The report was an analysis of the Treasury's proposed bank capital requirements in the run-up to the stress tests. Citi's conclusion -- and I think even the DMCA allows me to quote a phrase this brief from the doc -- was that "the US government is following a relatively bank-friendly, investor-friendly approach." So there you have it, just for the record.

You might think that Citigroup's lawyers would have better things to do than pursue charges of intellectual property violations against bloggers. But the company got what it wanted. The file has been deleted.

However, let's make sure the collective memory of the blogosphere as to Citigroup-related events that occurred during February 2009 does not disappear so easily.

February 2009 was not a month that Citigroup executives remember fondly, one imagines. During congressional testimony, Citigroup CEO Vikram Pandit pledged to accept a salary of only $1 that year, mindful of public outrage at exorbitantly compensated financial institution executives. Former Chairman of the Board Sanford Weill had to give up use of one of the company's five corporate jets, which he had been employing for such trifles as flying his family to Mexico for vacation. Public opprobrium also forced Citigroup to cancel a big convention in Atlanta and a trip to Bermuda for employees of its Primerica subsidiary.
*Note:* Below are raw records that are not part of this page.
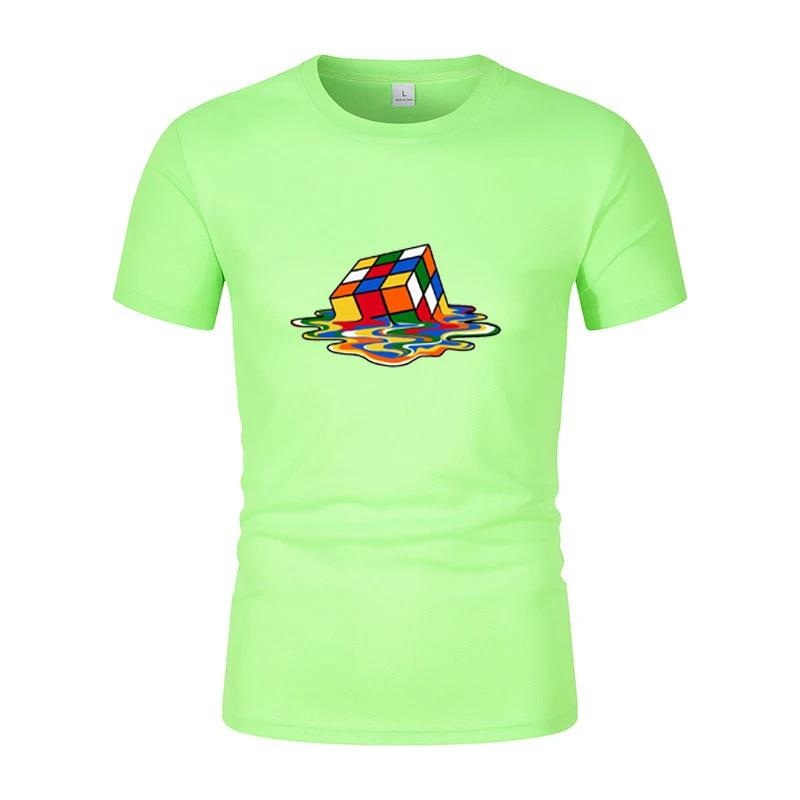 Летняя новая модная и интересная мужская футболка с короткими рукавами с принтом Рубика, повседневная унисекс-футболка в стиле Харадзюку для улицы, спортивный топ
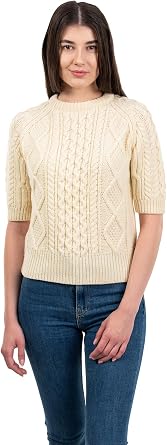 Traditional Irish Sweater for Ladies Short Sleeve Cable Knit - 100% Merino Wool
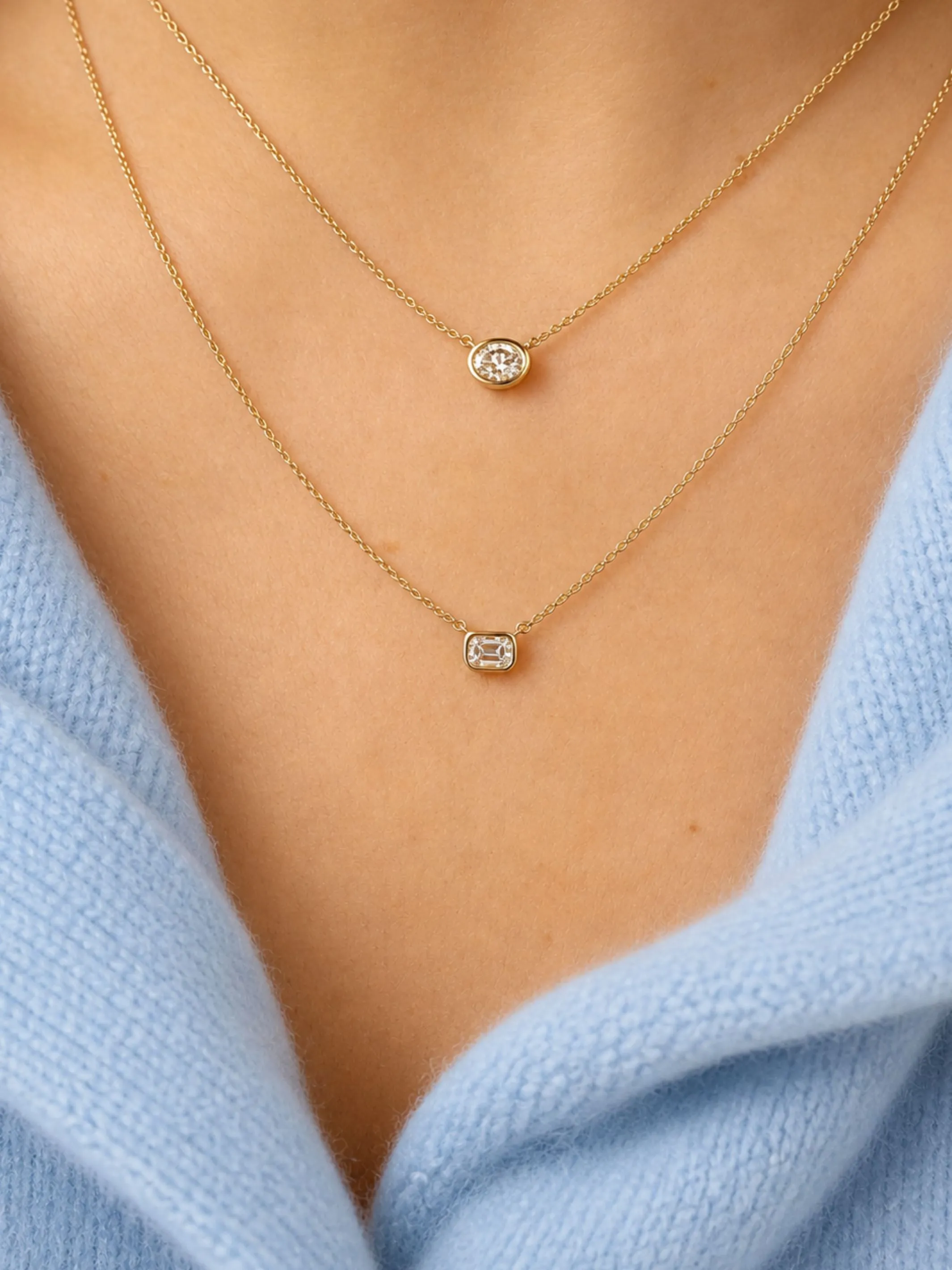 Oval Cut Diamond Bezel Pendant Necklace 14K sold by LeMel product image thumbnail 2
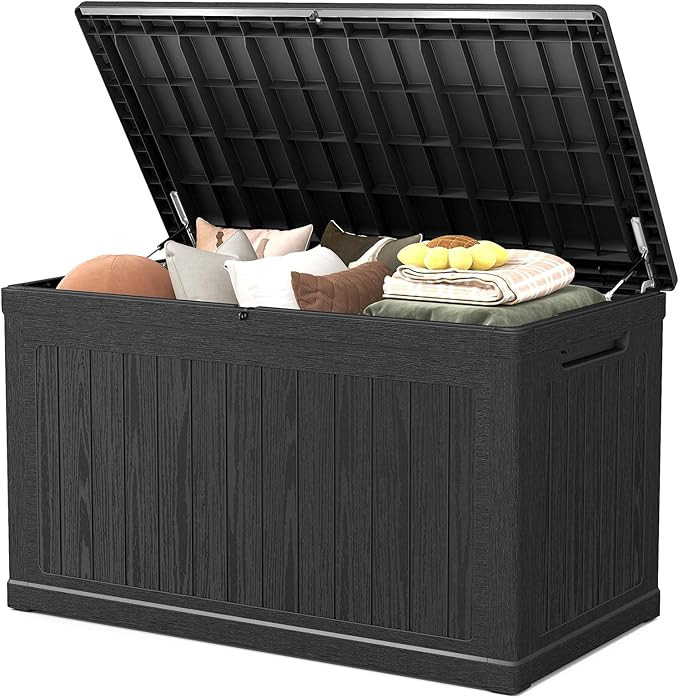 230 Gallon Deck Box Large Outdoor Storage Box, Black Waterproof Deck Storage Bench, 440 lbs Load ... | Amazon (US)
But most embarrassing of all, Citigroup's imploding finances resulted in the U.S. government announcing, on Feb. 27, that it would increase its ownership stake in the financial institution from 8 percent to 36 percent by converting $25 billion worth of preferred shares into common stock. At that point, after injecting a total of $45 billion into Citigroup (and providing numerous other backstops), U.S. taxpayers were the single largest stakeholder in the company.

Which means, come to think of it, that Doug Henwood was a part owner of Citigroup in February 2009. Shouldn't that have insulated him from charges of intellectual property theft?